Action item - Since the copy must hold text only, transcribe the data below exactly and omit the images.

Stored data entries

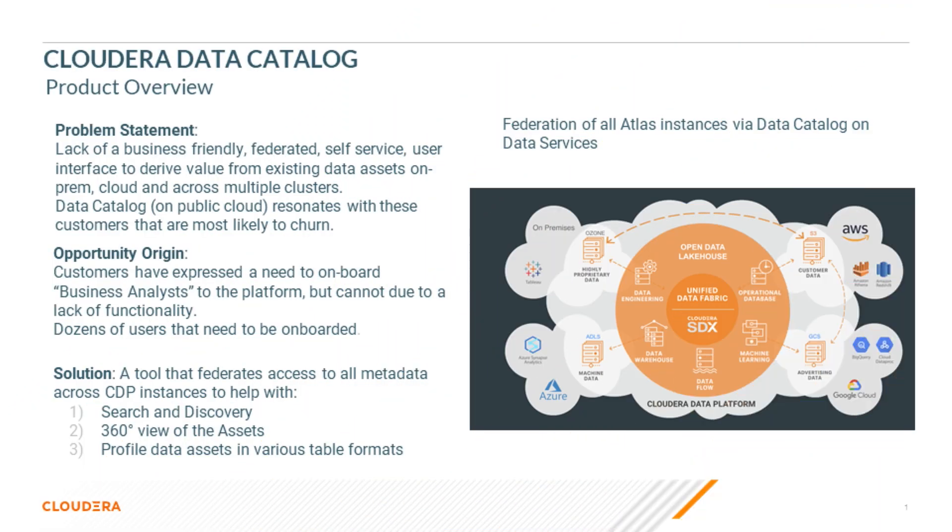Cloudera Data Catalog focuses on the business analyst user who needs to find curated data assets and start analyzing them for quicker decision-making. The product leverages all the metadata that is collected in Atlas and provides a unified view of the different SDX configurations.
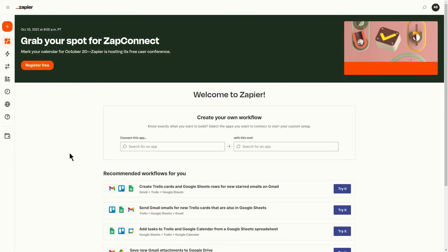Managers can automate sending of Slack channel messages for new desk bookings in FacilityBot using a Zap template. To use this feature, log in to your Zapier account.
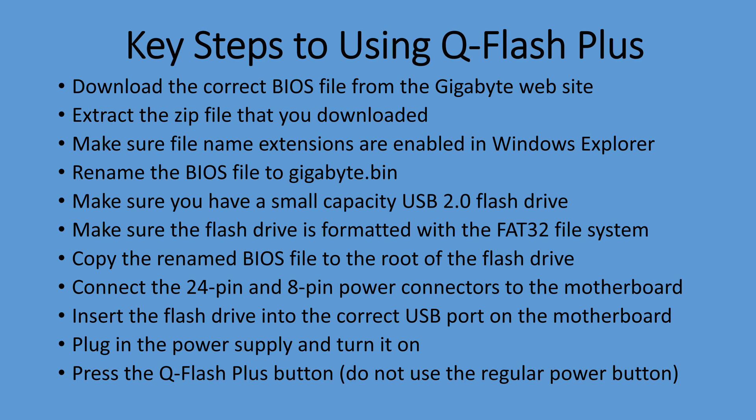These are the key steps to using Q-Flash Plus. I'm not going to read every single step. You can pause it and read them yourself, but it's important that you watch the entire video and follow the directions exactly. Otherwise, you're likely to miss something and it probably won't work.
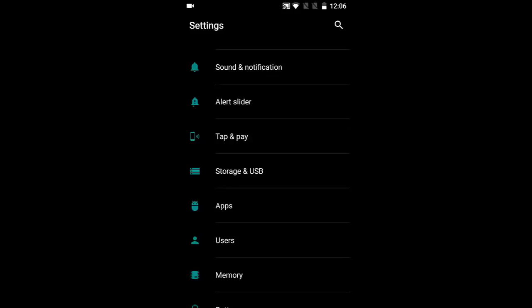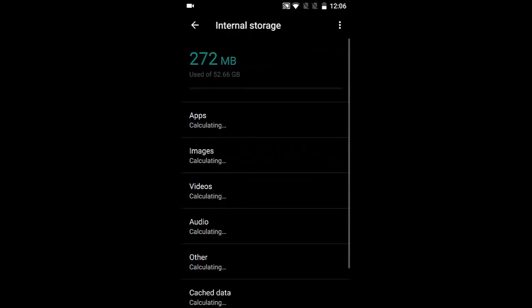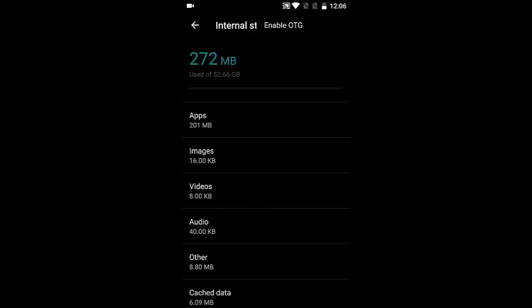Go to Storage and USB option. From here, you can find three dots on top. Click on Enable OTG, and if you click there, you can now disable the OTG as well.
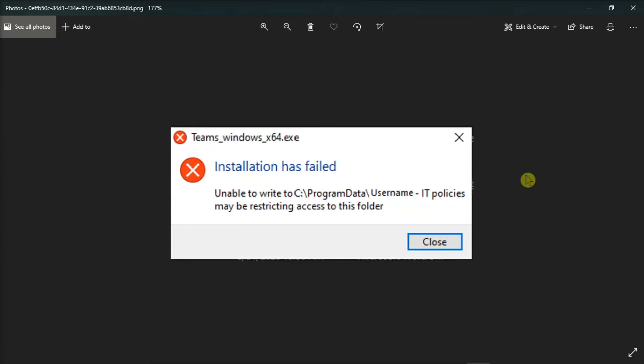But if you're experiencing this issue when installing Microsoft Teams, here are some easy ways to fix the problem.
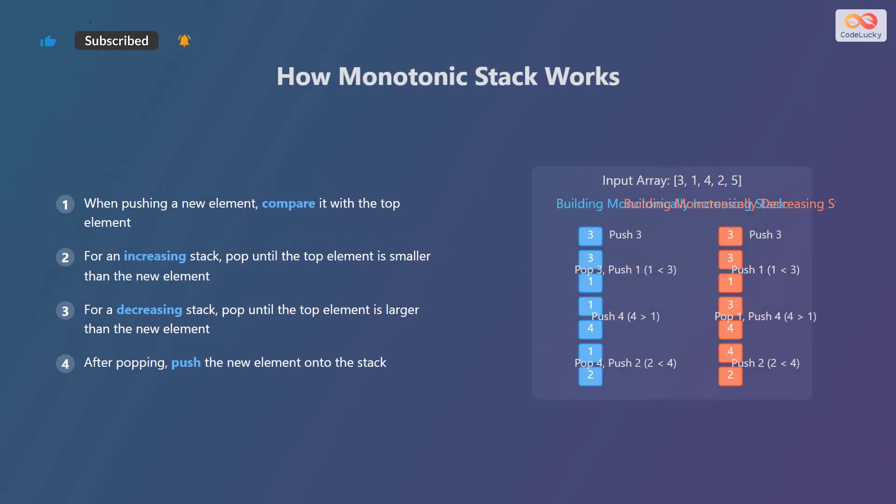Now, let's explore how a monotonic stack actually works. When pushing a new element, you first compare it with the element at the top of the stack. For an increasing stack, you pop elements from the top until the top element is smaller than the new element you are trying to push. This ensures that the stack maintains its increasing order.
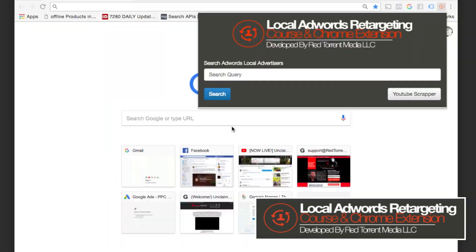Take a look at this demo presentation. There are two features within this Chrome extension. Feature number one will allow you to search local AdWords advertisers. Feature number two will allow you to pull from YouTube channels — you can pull from their about section or from the actual video description and tons more. I'm going to show you exactly how we're going to do that.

Answer section -
Cloudera Data Catalog focuses on the business analyst user who needs to find curated data assets and start analyzing them for quicker decision-making. The product leverages all the metadata that is collected in Atlas and provides a unified view of the different SDX configurations.
Managers can automate sending of Slack channel messages for new desk bookings in FacilityBot using a Zap template. To use this feature, log in to your Zapier account.
These are the key steps to using Q-Flash Plus. I'm not going to read every single step. You can pause it and read them yourself, but it's important that you watch the entire video and follow the directions exactly. Otherwise, you're likely to miss something and it probably won't work.
Go to Storage and USB option. From here, you can find three dots on top. Click on Enable OTG, and if you click there, you can now disable the OTG as well.
But if you're experiencing this issue when installing Microsoft Teams, here are some easy ways to fix the problem.
Now, let's explore how a monotonic stack actually works. When pushing a new element, you first compare it with the element at the top of the stack. For an increasing stack, you pop elements from the top until the top element is smaller than the new element you are trying to push. This ensures that the stack maintains its increasing order.
Take a look at this demo presentation. There are two features within this Chrome extension. Feature number one will allow you to search local AdWords advertisers. Feature number two will allow you to pull from YouTube channels — you can pull from their about section or from the actual video description and tons more. I'm going to show you exactly how we're going to do that.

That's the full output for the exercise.